Now that I’m closing in on 43 years old, I can proclaim that when I grow up I want to be Alton Brown (aka A.B.).  He is my hero.  When not creating and playing with “Good Eats,” A.B. had the time and resources to tool around our great nation last spring on a 2005 BMW 1200 LT (motorcycle) in an often hilarious month-long search of food found off the beaten path on a show called “Feasting on Asphalt” (F.O.A.).

F.O.A. offers an enthusiastic and skewed look at the burger joints, diners, drive-throughs, pizza parlors, pharmacies — yepharmacies — and sandwich shops that fueled American’s travels during the ‘30s, ‘40s, ‘50s and ‘60s.  The rules are simple for Mr. Brown and his four companions: (1) there will be no travel on major interstates, (2) there will be no eating at major chain restaurants, (3) if they can’t locate food or lodging, they will fend for themselves via camping, and most importantly, (4) there will be no whining.
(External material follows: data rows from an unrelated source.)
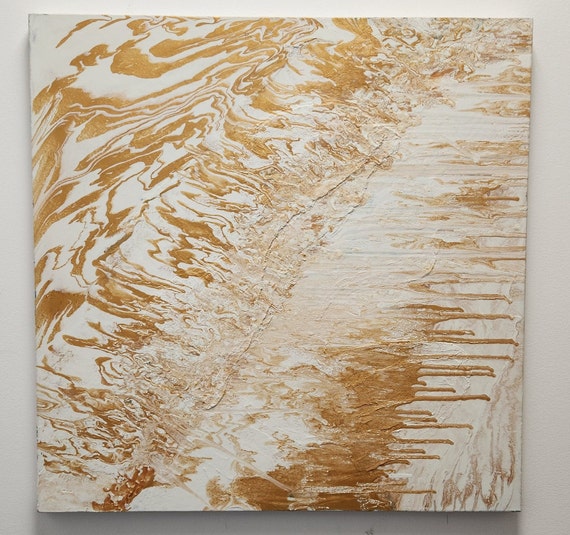 Golden Shores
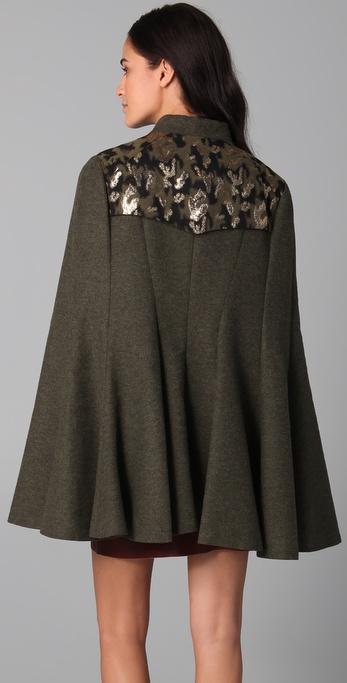 Gryphon Combo Sherlock Cape1.jpg
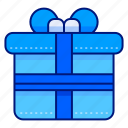 box, business, gift, present, surprise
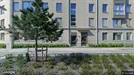 Apartment for rent, Stockholm South, Stockholm, Grycksbovägen<span class="blurred street-number" onclick="ProcessAdRequest(16467407)"><span class="hint">See road-number</span>[xxxxxxxxxxxxxx]</span>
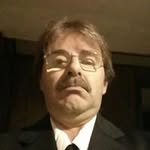 Jerry Sheets - @jerry.caveman1 - Instagram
His F.O.A. compañeros include Tom Munroe (Producer, Security, Omnivore; 2001 BMW 1150GS), Jean Claude Dhien (Photographer, Motorcyclist Extraordinaire, Role Model; 2006 Triumph Speed Triple), and Michael Clark (Motorcycle Maintenance, Recon, Intelligence, 2001 BMW 1150GS).  They are all culled from the staff of Be Square Productions, the team that I think that A.B. might agree elevates “Good Eats” in every measure.  They are supported by a truck manned by Mike Clark (Sound Recordist, Mixer, Navigator), Ramon Engle (Cameraman, Protocol, Dairy Enthusiast), and Lamar Owen (Cameraman, Lighting, Wheel Man).  One of the most unique, although fleeting, aspects of this show is a sharing of the latitude and longitude of the group’s various stops, ostensibly for us GPS fiends.  Very cool.  Very A.B.

After all, how can one not like a guy who calls MacGyver his patron saint and gets “…very uptight paying more than $100 for a meal — and that’s two people — because I expect so much of it that it makes me uptight.”  Another A.B. witticism: “There are only two kinds of food: good and bad. Also, all of life’s big problems include the words ‘indictment’ or ‘inoperable.’ Everything else is small stuff.”

Almost cool.  Somewhat nerdy.  My hero.